USC researchers build artificial neurons using ion motion, mimicking brain
- By Web Desk -
- Oct 30, 2025

University of Southern California (USC) researchers have developed artificial neurons capable of reproducing key electrochemical functions of biological neurons, marking a significant advancement in the field of neuromorphic computing and AI hardware.
The USC Viterbi School of Engineering and the School of Advanced Computing team’s artificial neurons differ from traditional silicon processors and even current neuromorphic chips. While those simulate neural behavior through software, the USC devices physically replicate biological processes using ion motion. Specifically, these artificial neurons utilize silver ions diffusing within an oxide layer to generate electrical pulses, mimicking the brain’s conversion of electrical signals to chemical ones and vice versa.
“Even though it’s not exactly the same ions in our artificial synapses and neurons, the physics governing the ion motion and the dynamics are very similar,” says Joshua Yang, Professor of Computer and Electrical Engineering and Director of the Center of Excellence on Neuromorphic Computing at USC.
According to him, silver is easy to diffuse and gives us the dynamics we need to simulate the biosystem so that we can achieve the function of the neurons, with a very straightforward structure.
Yang and his team have created a new artificial neuron, which they refer to as a “diffusive memristor.” Unlike conventional silicon chips that use electron movement, these neurons process information through the movement of atoms.

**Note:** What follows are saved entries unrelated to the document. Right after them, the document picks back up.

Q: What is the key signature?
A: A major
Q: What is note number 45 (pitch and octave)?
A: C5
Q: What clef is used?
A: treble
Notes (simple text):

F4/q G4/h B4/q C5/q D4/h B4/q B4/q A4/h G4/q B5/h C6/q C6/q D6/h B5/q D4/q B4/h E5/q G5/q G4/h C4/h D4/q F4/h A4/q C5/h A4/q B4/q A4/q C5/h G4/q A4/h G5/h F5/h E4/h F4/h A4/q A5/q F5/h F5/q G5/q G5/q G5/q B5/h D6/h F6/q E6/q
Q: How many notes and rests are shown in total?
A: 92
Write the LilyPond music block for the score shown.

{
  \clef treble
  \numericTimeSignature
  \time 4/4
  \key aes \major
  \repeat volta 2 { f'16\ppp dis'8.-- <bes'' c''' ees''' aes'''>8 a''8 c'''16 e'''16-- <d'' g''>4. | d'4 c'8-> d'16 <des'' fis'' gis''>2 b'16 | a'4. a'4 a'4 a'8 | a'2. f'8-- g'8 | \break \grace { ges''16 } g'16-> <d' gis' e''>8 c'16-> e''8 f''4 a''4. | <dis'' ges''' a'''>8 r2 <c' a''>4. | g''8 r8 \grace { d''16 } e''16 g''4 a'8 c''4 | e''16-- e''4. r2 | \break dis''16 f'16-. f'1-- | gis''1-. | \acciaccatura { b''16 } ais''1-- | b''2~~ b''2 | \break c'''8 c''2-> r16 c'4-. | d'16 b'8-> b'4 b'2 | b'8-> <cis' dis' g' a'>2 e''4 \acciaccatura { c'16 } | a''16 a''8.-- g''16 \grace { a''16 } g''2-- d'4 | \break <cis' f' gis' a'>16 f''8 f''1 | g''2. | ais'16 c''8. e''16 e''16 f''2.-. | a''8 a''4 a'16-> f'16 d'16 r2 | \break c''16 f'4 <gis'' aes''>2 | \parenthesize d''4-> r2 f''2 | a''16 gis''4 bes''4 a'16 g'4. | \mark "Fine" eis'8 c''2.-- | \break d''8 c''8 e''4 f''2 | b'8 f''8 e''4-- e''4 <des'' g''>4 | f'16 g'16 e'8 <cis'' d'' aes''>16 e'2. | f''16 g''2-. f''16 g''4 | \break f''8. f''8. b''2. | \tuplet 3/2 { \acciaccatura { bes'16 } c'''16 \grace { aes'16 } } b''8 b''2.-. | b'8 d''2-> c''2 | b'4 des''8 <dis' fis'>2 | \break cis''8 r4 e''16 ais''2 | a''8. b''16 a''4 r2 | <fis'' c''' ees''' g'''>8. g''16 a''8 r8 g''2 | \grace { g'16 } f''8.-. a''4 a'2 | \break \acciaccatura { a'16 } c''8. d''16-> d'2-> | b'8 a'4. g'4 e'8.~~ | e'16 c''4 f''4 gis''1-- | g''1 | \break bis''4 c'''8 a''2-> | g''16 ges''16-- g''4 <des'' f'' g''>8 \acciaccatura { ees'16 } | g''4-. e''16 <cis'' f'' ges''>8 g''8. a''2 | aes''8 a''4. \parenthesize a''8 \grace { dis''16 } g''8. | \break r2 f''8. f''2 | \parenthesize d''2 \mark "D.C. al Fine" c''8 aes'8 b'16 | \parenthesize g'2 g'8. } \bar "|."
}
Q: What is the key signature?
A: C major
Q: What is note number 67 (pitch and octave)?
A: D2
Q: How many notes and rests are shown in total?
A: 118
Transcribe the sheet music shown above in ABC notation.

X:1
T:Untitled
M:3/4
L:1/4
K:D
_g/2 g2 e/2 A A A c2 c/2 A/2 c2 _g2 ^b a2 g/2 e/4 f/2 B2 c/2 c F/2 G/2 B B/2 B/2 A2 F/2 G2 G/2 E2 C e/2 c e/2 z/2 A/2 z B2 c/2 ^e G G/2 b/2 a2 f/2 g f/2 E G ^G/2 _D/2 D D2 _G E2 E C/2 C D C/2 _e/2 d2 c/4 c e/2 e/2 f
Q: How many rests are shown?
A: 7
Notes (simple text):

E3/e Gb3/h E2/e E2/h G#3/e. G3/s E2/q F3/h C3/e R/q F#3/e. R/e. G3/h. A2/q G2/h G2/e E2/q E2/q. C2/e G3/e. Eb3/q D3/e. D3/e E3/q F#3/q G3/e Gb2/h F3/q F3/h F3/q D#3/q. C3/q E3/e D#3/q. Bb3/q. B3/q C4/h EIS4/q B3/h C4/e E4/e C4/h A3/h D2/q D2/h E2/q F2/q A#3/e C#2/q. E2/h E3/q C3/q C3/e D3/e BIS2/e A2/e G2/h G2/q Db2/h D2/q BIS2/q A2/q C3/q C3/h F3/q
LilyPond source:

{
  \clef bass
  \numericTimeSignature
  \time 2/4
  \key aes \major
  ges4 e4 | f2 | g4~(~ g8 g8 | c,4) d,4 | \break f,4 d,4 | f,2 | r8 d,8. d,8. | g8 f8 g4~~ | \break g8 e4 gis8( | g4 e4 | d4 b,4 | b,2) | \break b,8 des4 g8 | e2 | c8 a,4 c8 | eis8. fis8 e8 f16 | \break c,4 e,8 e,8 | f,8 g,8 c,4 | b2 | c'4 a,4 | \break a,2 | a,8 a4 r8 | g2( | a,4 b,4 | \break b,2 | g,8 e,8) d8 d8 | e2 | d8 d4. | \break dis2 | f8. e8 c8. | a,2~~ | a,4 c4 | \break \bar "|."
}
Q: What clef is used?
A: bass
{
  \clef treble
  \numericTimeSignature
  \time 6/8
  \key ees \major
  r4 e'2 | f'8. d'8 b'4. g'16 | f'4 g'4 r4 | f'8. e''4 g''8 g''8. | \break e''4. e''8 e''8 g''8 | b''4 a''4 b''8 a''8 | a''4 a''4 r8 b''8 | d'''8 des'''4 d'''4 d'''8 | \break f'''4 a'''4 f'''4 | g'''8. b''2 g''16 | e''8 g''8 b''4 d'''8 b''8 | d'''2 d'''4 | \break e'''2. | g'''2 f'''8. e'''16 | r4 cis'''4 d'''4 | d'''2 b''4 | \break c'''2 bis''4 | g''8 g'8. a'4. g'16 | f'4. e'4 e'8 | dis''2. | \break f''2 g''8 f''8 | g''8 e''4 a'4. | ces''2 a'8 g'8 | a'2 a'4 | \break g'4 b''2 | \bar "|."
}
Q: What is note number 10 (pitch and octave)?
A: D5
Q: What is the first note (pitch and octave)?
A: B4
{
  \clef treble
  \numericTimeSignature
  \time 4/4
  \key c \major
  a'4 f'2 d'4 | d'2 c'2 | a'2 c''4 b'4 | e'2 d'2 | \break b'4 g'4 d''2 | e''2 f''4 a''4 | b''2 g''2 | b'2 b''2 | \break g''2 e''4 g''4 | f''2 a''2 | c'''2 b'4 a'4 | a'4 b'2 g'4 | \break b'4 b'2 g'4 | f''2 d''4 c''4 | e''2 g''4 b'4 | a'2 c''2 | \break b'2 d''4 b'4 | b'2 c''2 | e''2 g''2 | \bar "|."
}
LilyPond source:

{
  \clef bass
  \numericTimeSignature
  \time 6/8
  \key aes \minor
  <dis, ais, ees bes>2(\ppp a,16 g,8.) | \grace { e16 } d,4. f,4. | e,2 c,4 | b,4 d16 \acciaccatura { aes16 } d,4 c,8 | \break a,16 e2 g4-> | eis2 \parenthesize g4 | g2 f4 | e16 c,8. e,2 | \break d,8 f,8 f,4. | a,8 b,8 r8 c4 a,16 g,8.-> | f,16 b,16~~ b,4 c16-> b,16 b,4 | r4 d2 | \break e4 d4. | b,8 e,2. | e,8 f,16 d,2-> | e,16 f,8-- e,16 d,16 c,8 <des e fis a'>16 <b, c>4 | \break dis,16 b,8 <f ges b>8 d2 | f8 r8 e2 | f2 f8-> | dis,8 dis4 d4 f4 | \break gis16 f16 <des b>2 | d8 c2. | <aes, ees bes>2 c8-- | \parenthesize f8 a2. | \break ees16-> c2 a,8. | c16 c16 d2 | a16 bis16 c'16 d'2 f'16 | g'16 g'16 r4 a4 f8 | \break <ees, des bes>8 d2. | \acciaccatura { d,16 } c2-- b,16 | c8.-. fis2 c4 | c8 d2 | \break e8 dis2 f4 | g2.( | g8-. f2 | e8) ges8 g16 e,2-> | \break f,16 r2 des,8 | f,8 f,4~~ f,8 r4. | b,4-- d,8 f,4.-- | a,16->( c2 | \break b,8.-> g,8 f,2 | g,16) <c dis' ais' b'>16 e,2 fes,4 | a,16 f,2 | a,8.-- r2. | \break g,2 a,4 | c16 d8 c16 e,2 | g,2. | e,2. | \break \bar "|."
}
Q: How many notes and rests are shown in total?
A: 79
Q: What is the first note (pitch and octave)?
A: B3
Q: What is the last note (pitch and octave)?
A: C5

Yang says the team chose to use ion dynamics “because that is what happens in the human brain, for a good reason, and since the human brain is the winner in evolution, the most efficient intelligent engine.”
The hardware and AI systems generally rely on digital architectures developed for speed rather than energy efficiency. In contrast to the human brain, which uses approximately 20 watts of power for intricate learning, USC’s artificial neurons significantly improve hardware efficiency, bringing it closer to this level.
The research focuses on designing new AI hardware that learns and adapts directly on the device, rather than completely relying on software. By directly integrating more efficient learning capabilities into the chip, this hardware-centric methodology could accelerate the development of artificial general intelligence.
These artificial neurons could drive a new generation of hardware for edge AI if scaled to autonomous systems and pervasive computing, where energy and footprint constraints dominate. The USC team’s immediate goal is to integrate a large number of these neurons. This will allow them to test systems that can emulate the brain’s efficiency and capabilities.
USC’s analog ion-based neuron approach stands out in neuromorphic computing, offering a potential solution to power and size limitations faced by pure digital spiking neural network hardware developed by other institutions and companies.
A host of hurdles remain despite the promising hardware breakthrough. The silver ion usage is not compatible with standard semiconductor fabrication, and alternative ionic materials may be needed for mass production. Integrating large-scale neuromorphic networks and achieving reliable learning performance comparable to software-based AI systems continues to be an unresolved issue.